16. Katanya Sakit Cinta.

23 4 2
                                    

"Huwahhhhhh... Hwaaa... Graahhhhhh...."

Uci turun dari lantai dua sambil menutup telinga, niatnya mau jemur cucian tapi terganggu dengan kehadiran makhluk jejadian yang lagi olah vokal, kalau sudah begini Uci harus minta bantuan para tetua sebelum peliharaan kosan itu lepas kendali lagi.

"Mas Ilham, temennya itu," rengek Uci pada Ilham yang sedang duduk di ruang tamu.

Naka dan Wisnu juga di sana, ketiga tetua itu sepertinya sedang berkumpul untuk membahas hal yang serius.

"Uci mau jemur cucian, Mas. Warga lain juga mau aktifitas jadi repot, udah ya polusi suara polusi mata juga itu temennya." Keluh Uci lagi.

Ilham menghela napas lalu menatap Naka. "Bukannya kemarin baru ketemu pengacara keluarganya? Nggak berjalan baik apa gimana obrolannya?"

Naka mengangkat bahu, ia balik menoleh Wisnu yang sama bingungnya.

"Pulang nganterin temennya udah layu kayak pohon cabe belum disiram, Ham. Pas ketemu pengacara sih aman cuma abis itu dia ngurung diri di kamar." Naka memberi penjelasan yang diangguki Wisnu.

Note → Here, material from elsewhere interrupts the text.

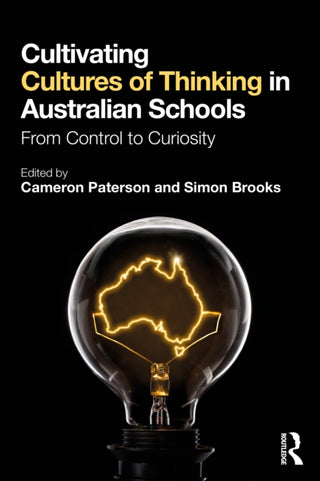 Cover image for 9781032892030 - Cultivating Cultures of Thinking in Australian Schools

"Kayla gimana? Aman?" Ilham bertanya lagi dan Naka langsung menepuk jidatnya sambil geleng-geleng.

"Kalau lo tahu kelakuannya kemarin, pasti lo yakin kalau dia emang adiknya Nanang," ujar Naka sambil menunjuk Uci yang jadi saksi.

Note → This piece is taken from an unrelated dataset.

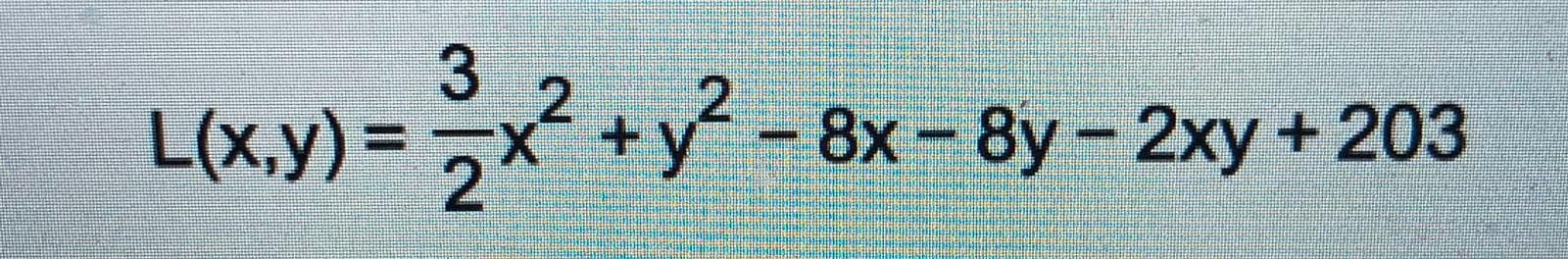 L(x,y) =
+y-8x-8y- 2xy +203
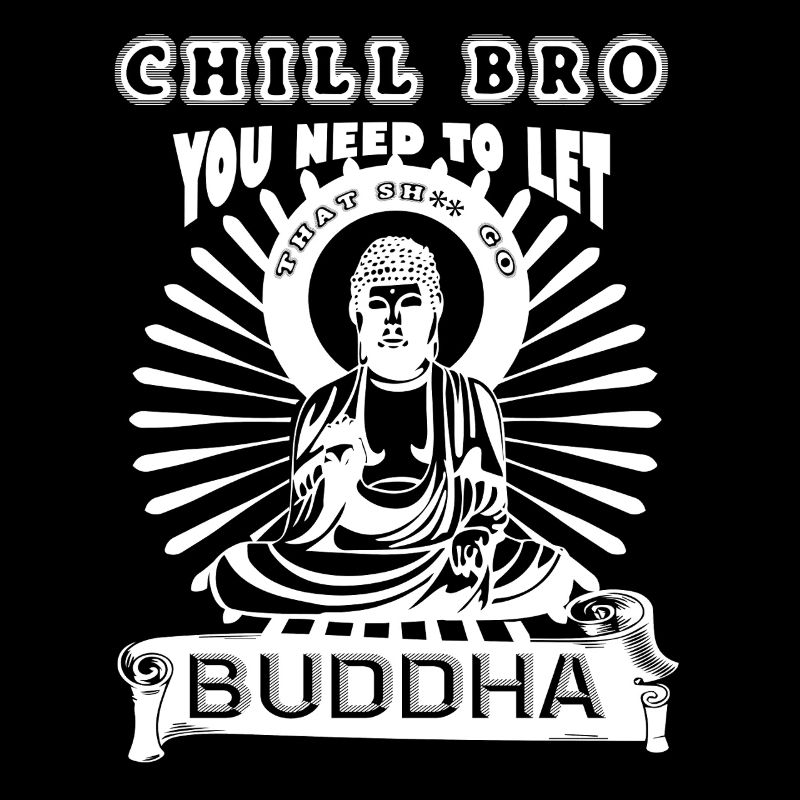 Chill Bro Go Buddha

"Mas Nanang! Berisik! Kayla mau belajar nggak konsentrasi ini."

Terdengar teriakan Kayla disusul Nanang yang turun dari tangga lantai dua. Salah satu kegunaan Kayla adalah untuk menetralkan tingkah-tingkah ajaibnya Nanang, terbukti sejak kehadiran gadis cilik itu di kosan, Nanang jadi lebih mudah dijinakkan, paling tidak ia jadi berkurang waktunya untuk menjahili warga kosan lainnya.

"Sini." Ilham melambaikan tangan meminta Nanang ikut duduk di ruang tamu.

"Titip Kayla dulu ya, Ci. Jangan boleh turun, nanti kalau udah biar dijemput ke atas atau dikabarin di grup." Pesan Ilham yang dibalas Uci dengan acungan jempol, ia pun langsung kembali ke lantai dua untuk menjemur cuciannya.

"Udah makan?" Pertanyaan Ilham dijawab Nanang dengan anggukan.

Wisnu pergi ke dapur dan kembali dengan secangkir kopi untuk Nanang. Naka duduk bersandar di kursi sambil memperhatikan Nanang yang terlihat kuyu.

"Mau cerita? Gue sama yang lain belum tentu bisa bantu tapi seenggaknya lo lebih lega." Naka mewakili dan Nanang tersenyum masam, ia jelas tahu ketiga abangnya itu tidak akan bisa membantu kali ini.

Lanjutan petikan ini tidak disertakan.